SpatioTemporal Asset Catalogue (STAC)

SpatioTemporal Asset Catalog (STAC) is a specification that consistently describes geospatial information so it can more easily be discovered and accessed. STAC provides a powerful tool to quickly identify all available data for a given product, location or time period. This data can then be easily and efficiently loaded into your own computing environment, or streamed directly into desktop GIS software like QGIS or ESRI.

Why use STAC?

STAC may be useful for you if any of the following apply:

  • You want to easily find and load satellite data products through time or across large spatial areas

  • You want to access satellite data on your own computing environment

  • Your analysis requires more memory or processing power than provided by DEA’s managed Sandbox or NCI environments

  • You want to combine DEA data with data from other external sources (e.g. Microsoft Planetary Computer, Element 84 Earth Search)

odc-stac tutorial

This tutorial demonstrates how to use the odc-stac Python package to load data from DEA using the DEA Explorer STAC API. The odc-stac package translates STAC metadata to the Open Data Cube data model (Table 1), allowing you to load DEA data into xarray.Dataset format to be processed locally, or distribute data loading and computation with Dask.

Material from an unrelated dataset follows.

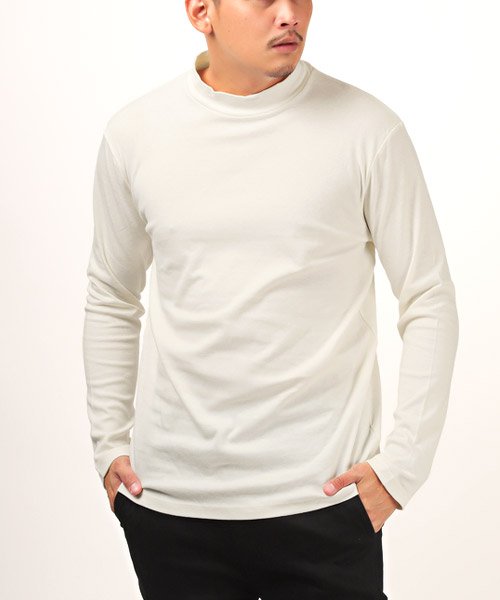 LUXSTYLE(ラグスタイル)/無地モックネックロンT/ロンT メンズ 長袖Tシャツ モックネック 無地 暖か 保温/ホワイト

Table 1: Comparison between STAC and Open Data Cube concepts

STAC

ODC

Description

Collection

Product or DatasetType

A collection of observations across space and time (e.g. all observations from a Landsat or Sentinel-2 satellite sensor)

Item

Dataset

A single observation for a specific time and place, containing one or more bands (for example, a specific Landsat or Sentinel-2 scene)

Asset

Measurement

A component of an observation, including but not limited to bands

Band

Measurement

A single data layer/array within a multi-band observation (e.g. spectral data from a specific wavelength)

Common Name

Alias

Alternative names for the same band


Setup

Import required packages for querying and loading data from STAC:

[1]:
import pystac_client
import odc.stac

Connect to the DEA Explorer STAC API to allow searching for data:

[2]:
catalog = pystac_client.Client.open("https://explorer.dea.ga.gov.au/stac")

To load data via STAC, we must configure appropriate access to data stored on DEA’s Amazon S3 buckets. This can be done with the odc.stac.configure_rio function. The configuration below must be used when loading any DEA data through the STAC API.

[3]:
odc.stac.configure_rio(
    cloud_defaults=True,
    aws={"aws_unsigned": True},
)

Searching for STAC data using pystac_client

First we need to define the location, time period and DEA product we want to load.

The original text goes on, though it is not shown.